For so long as Investor has the right to designate any person as an Investor Director, any such Investor Director may designate at any time an alternate (an “Alternate Investor Attendee”) to attend a meeting of the Board as a non-voting attendee in lieu of such Investor Director if such Investor Director is unable to attend such meeting. In such an event, such Alternate Investor Attendee shall be entitled to attend such meeting of the Board, observe all deliberations of the Board and receive copies of materials provided to the Board, but such Alternate Investor Attendee shall not count for quorum purposes or be entitled to vote at such meeting.

 

  f)

Following the IPO, in respect of any newly proposed Investor Director, Investor shall notify the Company of the proposed Investor Director, in writing, a reasonable time in advance of the mailing of any proxy statement, information statement or registration statement in which any Board nominee or Board member of the Company would be named, together with all information concerning such nominee reasonably requested by the Company, so that the Company can comply with applicable disclosure rules.

 

  g)

The Company shall not amend its Charter or bylaws in any manner (or take any similar action) that would materially and adversely affect Investor’s rights under this Section 1 or the Company’s ability to comply with its obligations under this Agreement.

All obligations of the Company pursuant to this Section 1 relating to the Investor Director shall terminate immediately, and Investor shall cause the Investor Director to resign promptly from the Board (and the Company shall be entitled to take all action to remove the Investor Director from the Board), when Investor no longer has the right to designate any person as an Investor Director for nomination for election to the Board.

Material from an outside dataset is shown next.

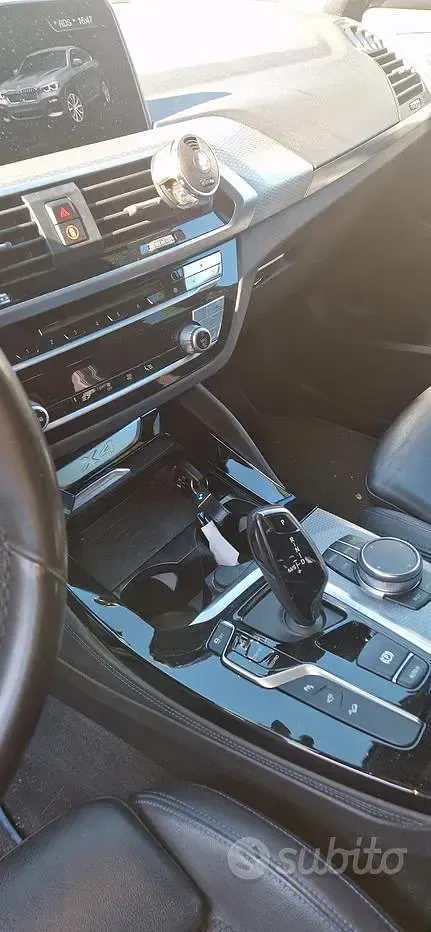 Usata BMW X4 190 CV (139 kW) 2019 Bianco SUV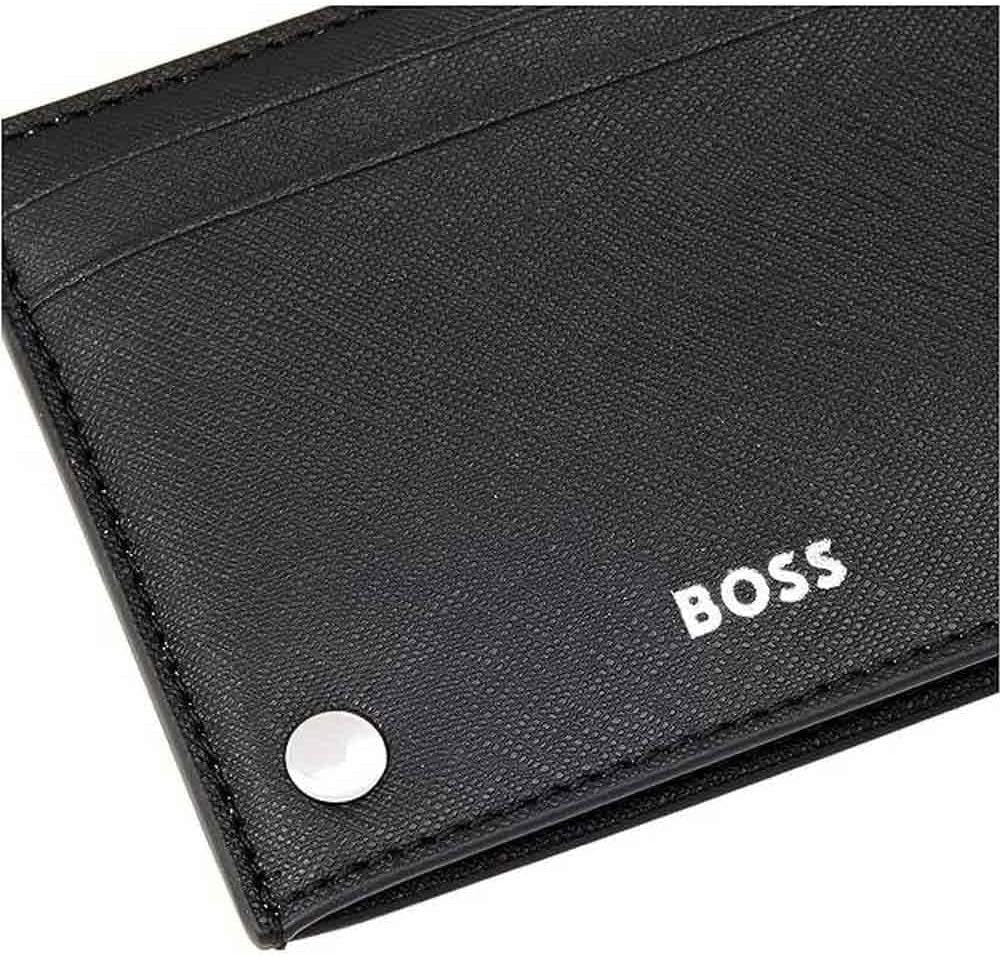 Portfel męski BOSS Zair_S_New_C_Holder, czarny1 Portfel męski Naty Shop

Any vacancy created by such resignation may be filled by the Board or the stockholders of the Company in accordance with the Charter and the Company’s bylaws and applicable law.

During the Board Representation Period and in addition to the right to designate the Investor Director, Investor shall have the right to designate one (1) board observer with rights consistent with the rights of the current TPG board observer as set forth in Section 3.4 of the IRA, except the last sentence relating to minimum ownership shall not apply to the Investor and instead the Board Representation Period shall control for how long the Investor is entitled to have a board observer.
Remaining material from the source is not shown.